The walk to the bathrooms was across a decent-sized cow pasture and I was real careful where I put my feet, as I could hear the cows mooing nearby. The bathroom building was the best thing I'd come across since the convenience store. It had a big common area and was toasty warm. There was a pot of coffee going as well. There was a group of hikers in there, including a guy in his 40's that was telling some stories that were giving Paul a run for his money. The others were younger, and the one that really got the most attention was the girl from Australia. For some strange reason, the young guys were way more interested in her stories about the outback, than the 40 year-old guy's stories about motorcycling around the United States. Paul was looking for an opening, but there wasn't going to be one this night. In the meantime, I was eagerly checking out the showers, including clean towels. Wow, these 12 Tribes guys really knew how to make you feel welcome. We were told by the other hikers that the members abstain from all outside news and only one guy has a cellphone, and it's a fliphone. It's purpose is to let hikers call in to get picked up. They said the members are nice, kind of strict with the kids, and don't believe in things like smoking, drinking, and sugar. I'm sure there were more restrictions, but I had just found one that was a deal-breaker for me: they didn't believe in hot water. I settled for washing my face and checking my armpits for ticks real quick. 

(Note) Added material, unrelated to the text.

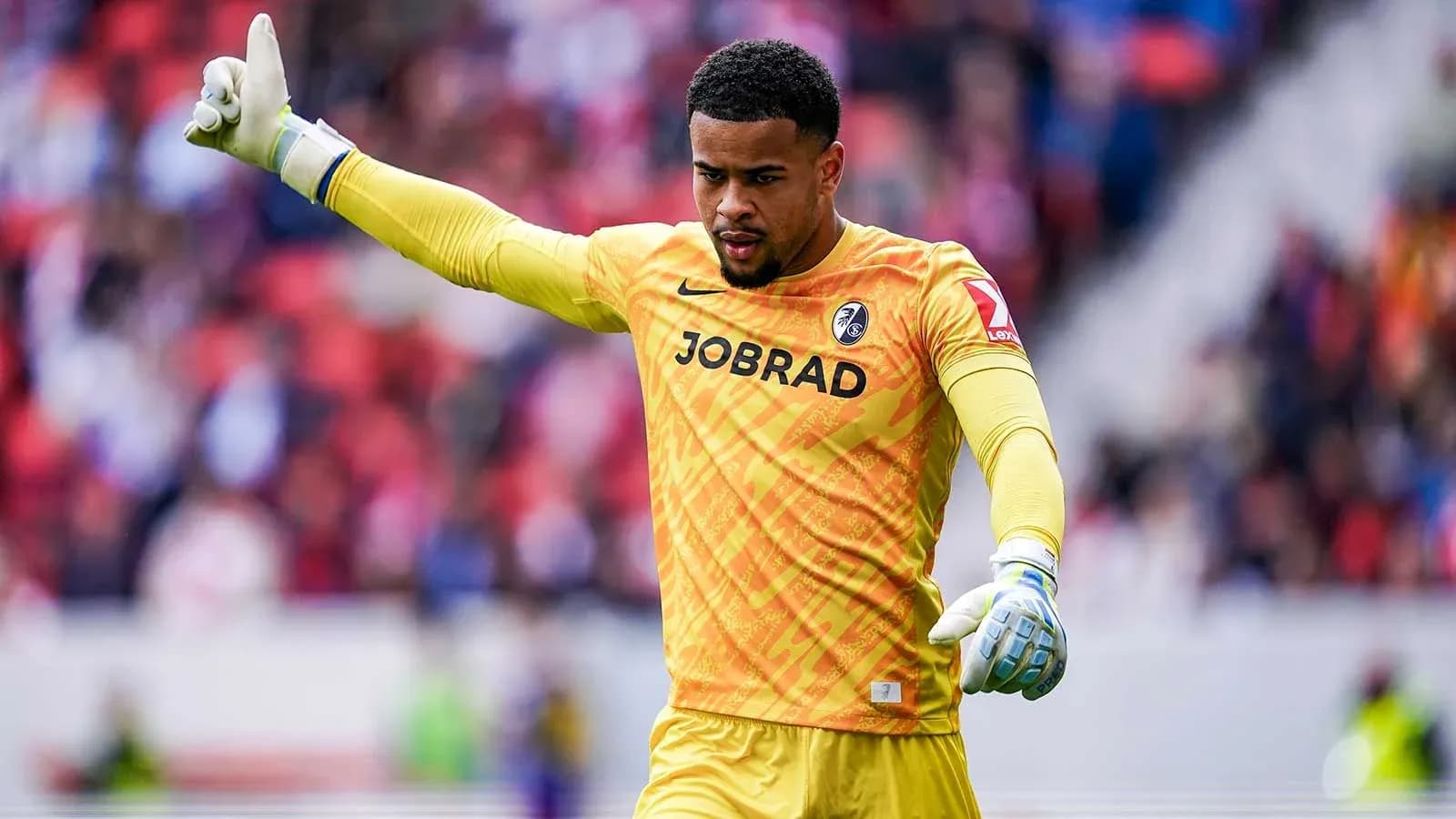 Goalkeeper in yellow jersey signaling during match Goalkeeper in yellow jersey signaling during match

Truthfully, as long as I didn't smell worse than Australian girl, I figured I was okay.
We finally came to the part I was dreading and Paul was anticipating. We were led into the main house and sure enough there was an old man sitting, facing us, at an austere dining room table, with two plates of steaming food waiting our arrival. We were guided to our chairs and told to eat up. For once, I was not thinking much about food. I was looking around and seeing the other room that had 4 young children seated while a young woman in what looked like an old farm dress ran around trying to keep them happy, and just like anybody trying to feed 4 kids, she was busy. My first thought was, even in that frumpy dress, no makeup, and obviously un-dyed hair, she looked pretty good. There was a tall guy in his 30's behind me with a bushy red beard, and he looked capable of keeping me from bolting for the door. The old guy in front of us had those little round John Lennon glasses on, and if anyone was casting for a shopkeeper out west in the 1800's, this guy could get the part without reading a line. He was watching Paul closely and soon I discovered the same thing Paul did. Organic food sounds like heaven compared to what we had been getting, but compared to the hamburger and fries that we had eaten an hour ago, this tasted like gruel. It was beans and rice, but I do not want you to confuse that with some wonderful Mexican dish. This was white beans and white rice, and apparently another thing the 12 Tribes have on there list of things to avoid, is seasoning. I don't usually go for the hot sauce that much, but this plate could have used a whole bottle.
We stirred our forks around our plates, while I vowed to keep my mouth shut and kick Paul if he started any Trump stuff and it turned out these guys wished Obama was still in charge.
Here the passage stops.